:: Data for processing ::
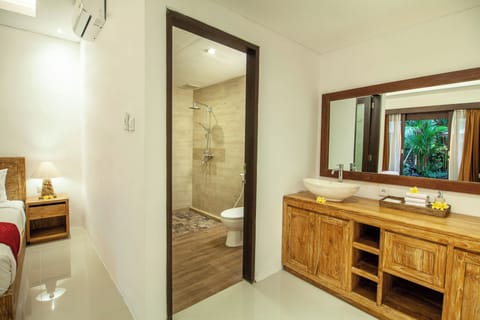 Deluxe Double Room, Pool View | In-room safe, iron/ironing board, free WiFi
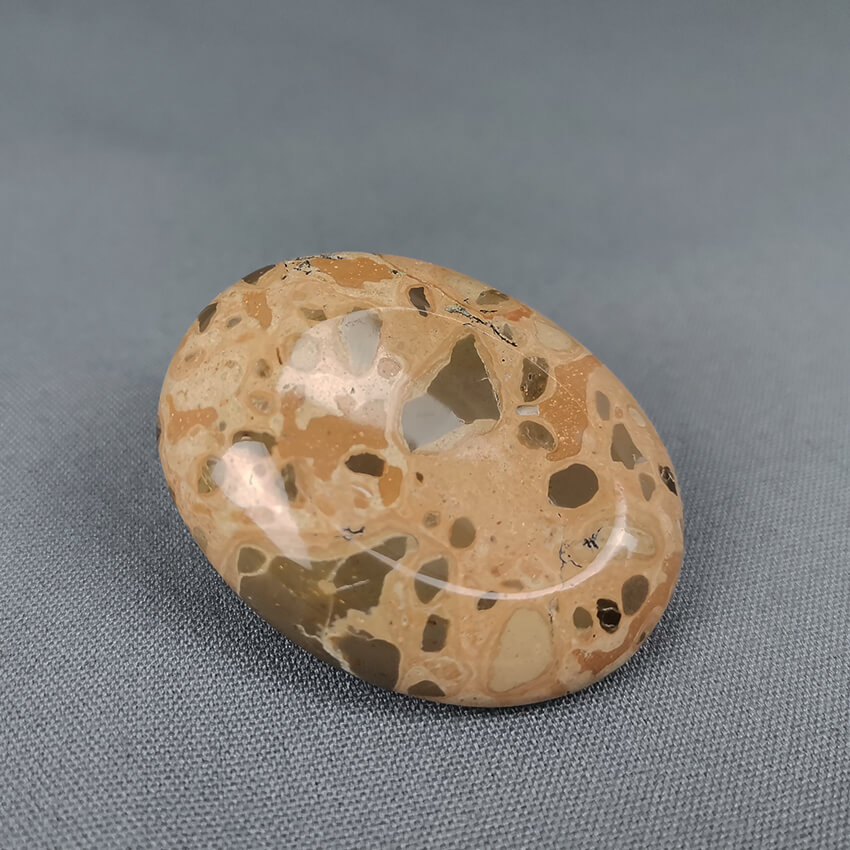 GemrockPeru's tweet photo. Healing with worry stones hand-made from peruvian Leopardite
https://t.co/1kgiPfbld6
#GemrockPeru #leopardite #jasper #affordableCrystals
#gemstonesale #WorryStones #metaphysicalhealing #crystalhealing
#crystalsforanxiety https://t.co/36VrgnE3F7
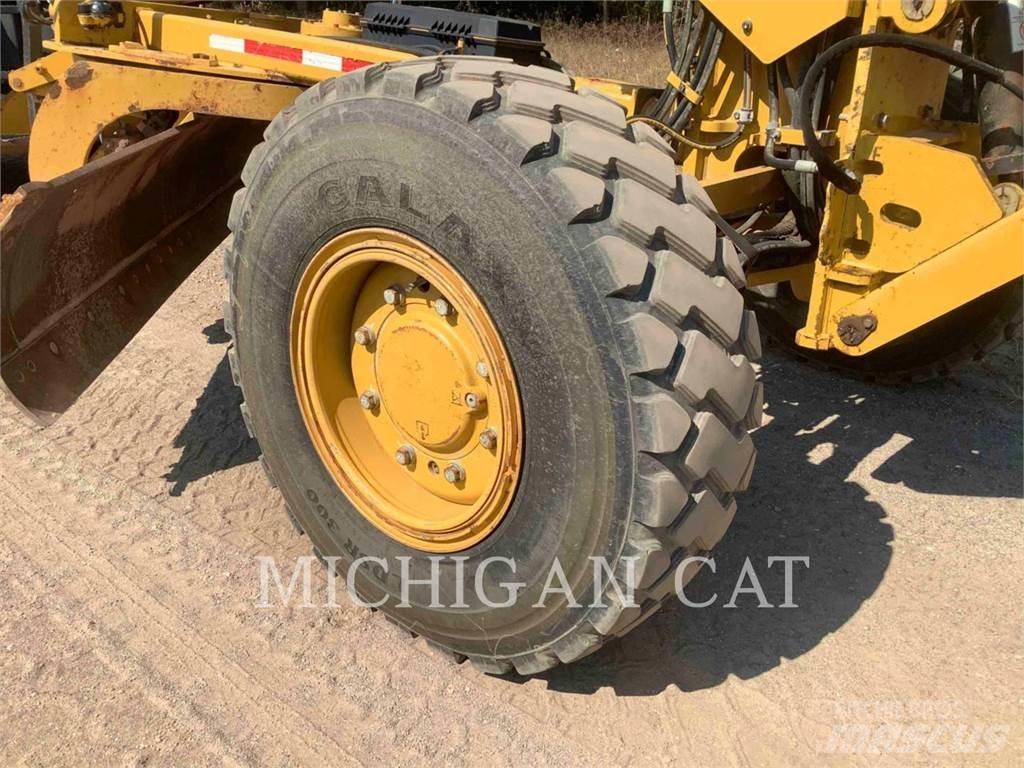 CAT 140M3 AWD Greideriai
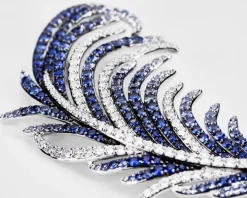 Broszka z białego złota z brylantami i szafirami cejlońskimi - piórko - próba 750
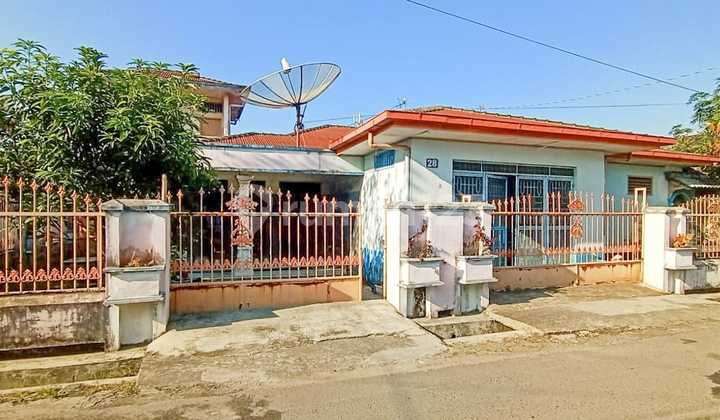 Rumah Posisi Hook Luas 350 M² Di Inti Kota Jl Sejati Sidodame 2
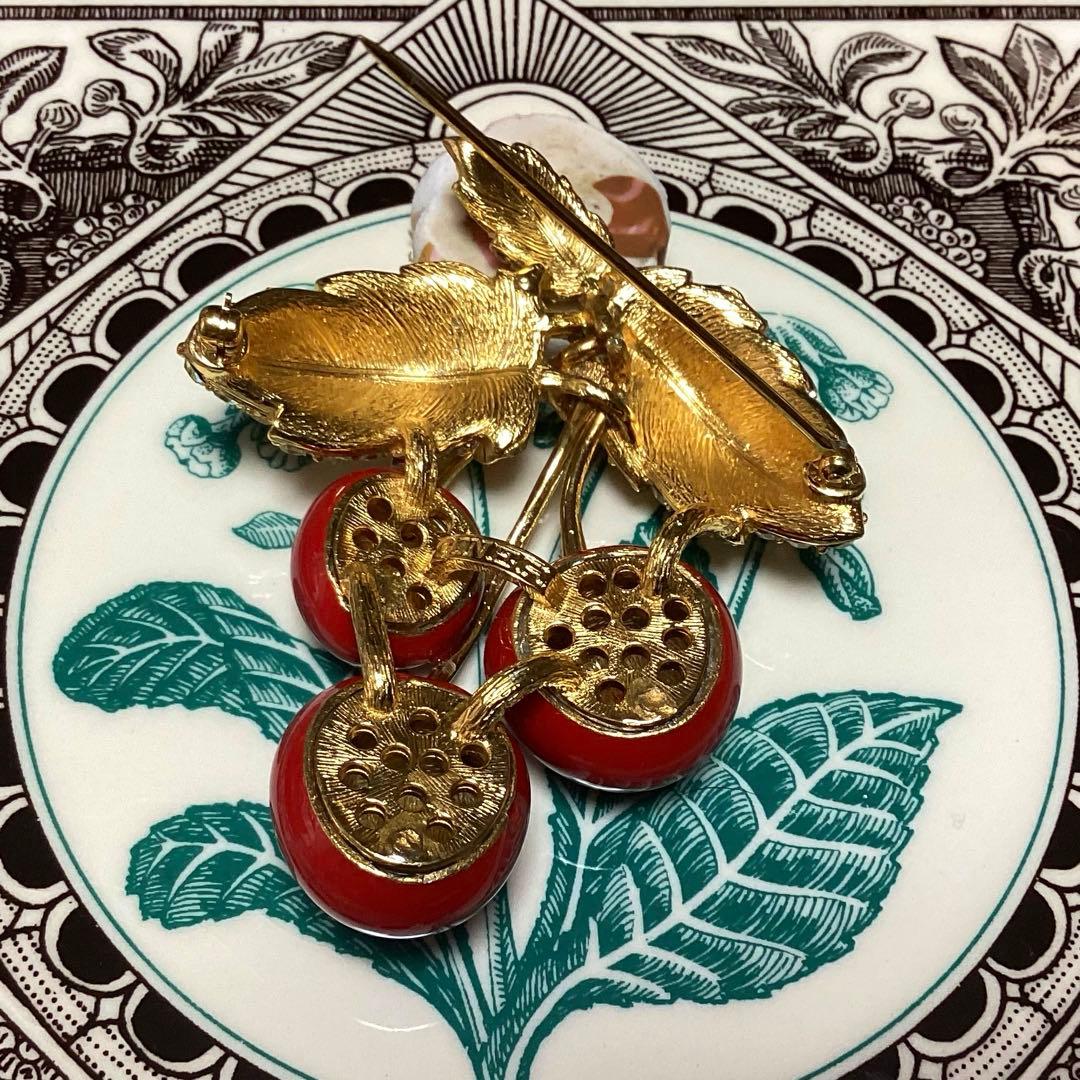 CINER コスチュームジュエリーエナメルとビジューのさくらんぼブローチ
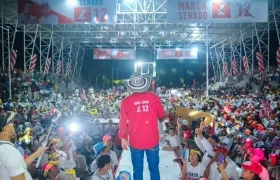 Camilo Torres ante sus seguidores en Montelíbano, Córdoba.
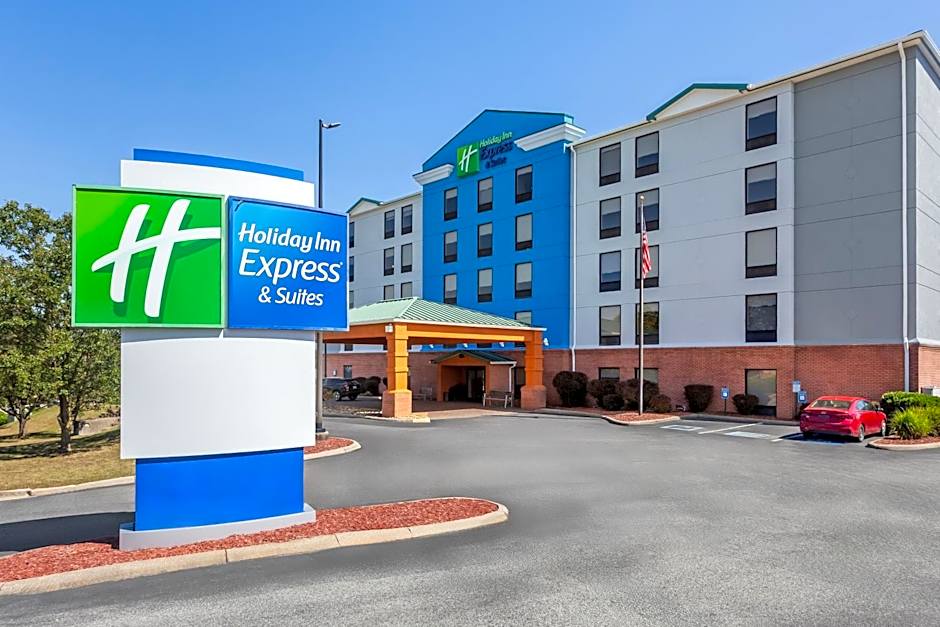 Holiday Inn Express Hotel & Suites Charleston-Southridge By IHG
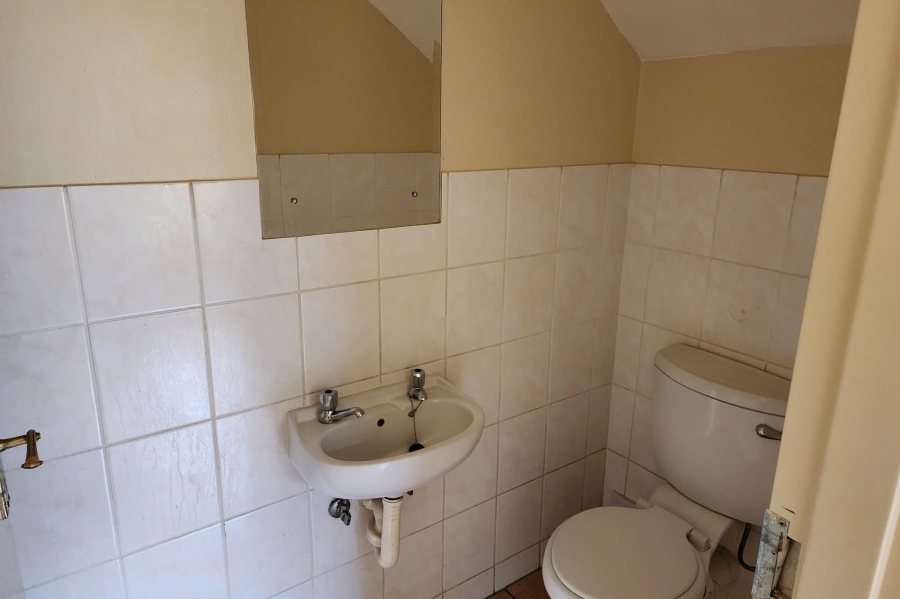 To Let 4 Bedroom Property for Rent in Cashan North West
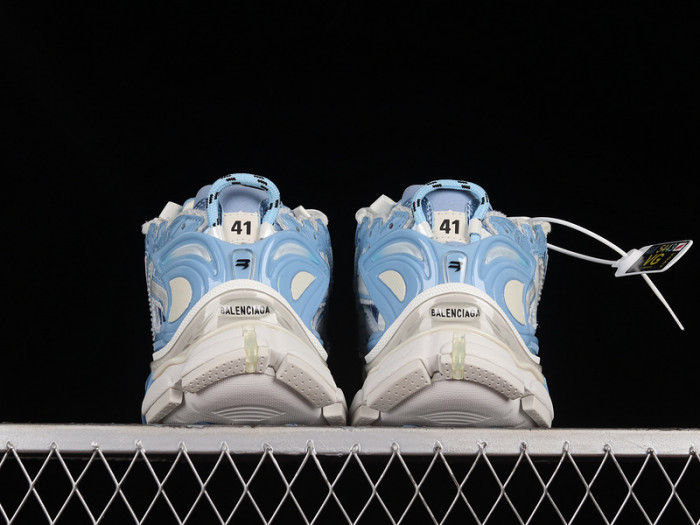 blcg runner sneaker
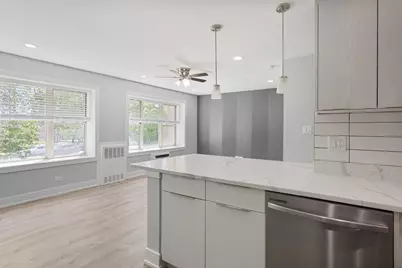 7070 N Sheridan Avenue #2S, Chicago, IL 60626 - Photo 2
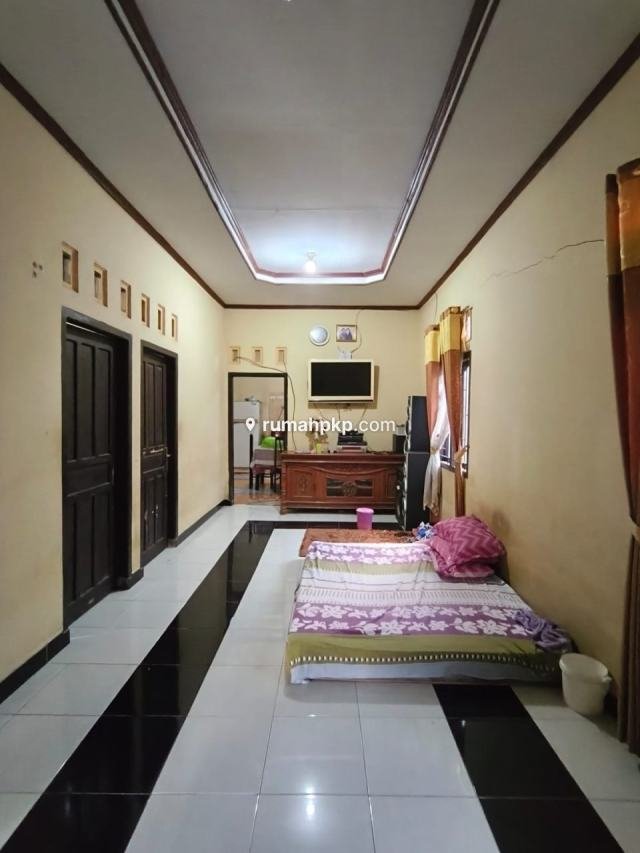 Rumah 3 KT di Parit Lalang — Bangunan 227 m², Siap Huni — foto 7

:: Work required ::
Repeat only what lies between the start of the data and the end of the line containing "Broszka z białego", exactly, with pictures left out.

:: Solution to this problem ::
 Deluxe Double Room, Pool View | In-room safe, iron/ironing board, free WiFi
 GemrockPeru's tweet photo. Healing with worry stones hand-made from peruvian Leopardite
https://t.co/1kgiPfbld6
#GemrockPeru #leopardite #jasper #affordableCrystals
#gemstonesale #WorryStones #metaphysicalhealing #crystalhealing
#crystalsforanxiety https://t.co/36VrgnE3F7
 CAT 140M3 AWD Greideriai
 Broszka z białego złota z brylantami i szafirami cejlońskimi - piórko - próba 750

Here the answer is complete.